Mardi 20 novembre 2018

Vénérable Agnelo de Souza

missionnaire indien S.F.X. (✝ 1927)

Un peu de réalisme !

Où que tu sois, de quelque côté que tu regardes, tu es malheureux si tu ne te tournes pas vers Dieu. Mais considère les biens du ciel, et tu verras que tous les biens passagers ne sont rien, mais qu’ils sont plutôt incertains et fort pesants, car jamais on ne les possède sans souci ni crainte. Le bonheur de l’homme ne dépend pas de leur abondance, et il lui suffit d’en avoir modérément.

    Malheur, donc, à ceux qui ne sont pas conscients de leur misère et de la fragilité de la vie ! Ô cœurs insensés et infidèles, si profondément enfoncés dans les réalités terrestres, au point de ne rien goûter d’autre que ce qui est charnel ! Les malheureux sentiront douloureusement à la fin combien était vil, combien n’était rien, ce qu’ils auront aimé.

    Ne perds pas, mon frère, la confiance de progresser dans les réalités spirituelles : tu en as encore le temps et le moment en est venu ; pourquoi vouloir remettre à plus tard ton bon propos ? Lève-toi, commence tout de suite et dis : voilà le moment de m’y mettre, voilà le moment de combattre, voilà le bon moment pour me corriger.

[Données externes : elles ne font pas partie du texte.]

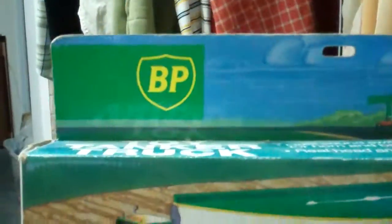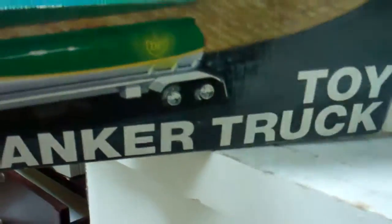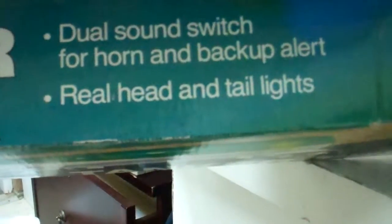How's it going guys? I got a BP toy tanker truck here. Dual sound switch for horn and backup alert and real head and tail lights.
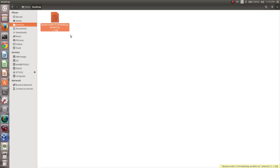How to install Ubuntu MATE 15.04 desktop in VirtualBox. First, we need to download the ISO file of Ubuntu MATE 15.04 desktop from cdimage.ubuntu.com. This is a 1.1 GB file.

    Qu’en sera-t-il de nous à la fin, si déjà nous sommes lâches si tôt le matin ? Malheur à nous si nous choisissons le repos, comme si déjà nous étions en paix et en assurance, alors qu’aucune trace de vraie sainteté n’apparaît encore dans notre comportement ?

Thomas a Kempis (1379-1471), Imitation de Jésus-Christ, I, 22

MÉDITER :

    Ne nous laissons pas impressionner par la tentation : l’exemple de Jésus et des saints nous montre que la tentation n’est pas péché. Alors, au lieu de nous décourager quand elle survient, prenons-en occasion pour renforcer notre attachement au Christ : d’un obstacle, faisons un tremplin.   Concrètement, la résistance à la tentation consiste d’abord à ne pas la rechercher, tout simplement !   

    Si par exemple j’ai la fâcheuse habitude de passer ma vie devant l’ordinateur, la prudence sera de ne pas l’allumer pour voir s’il y a quelque chose qui pourrait m’intéresser. Et si j’ai succombé, l’urgence est de passer à autre chose, et pour cela de m’investir entièrement dans la volonté de Dieu «en faisant très parfaitement l’action présente». Ce sera la meilleure façon de lui demander pardon, en même temps que d’éviter de retomber en tentation.

 

L'Auteur :

Thomas a Kempis (1379 ?-1471)

Né au nord de Cologne, Thomas passe son adolescence à Deventer, foyer de la "Dévotion moderne". Entré vers 1400 chez les chanoines réguliers du Mont-Sainte-Agnès, près de Zwolle (une des maisons de la très importante congrégation de Windesheim, dans la filiation de Ruusbroec), c'est comme maître des novices que Thomas y rédige des milliers de pages de méditation et de pédagogie intérieure.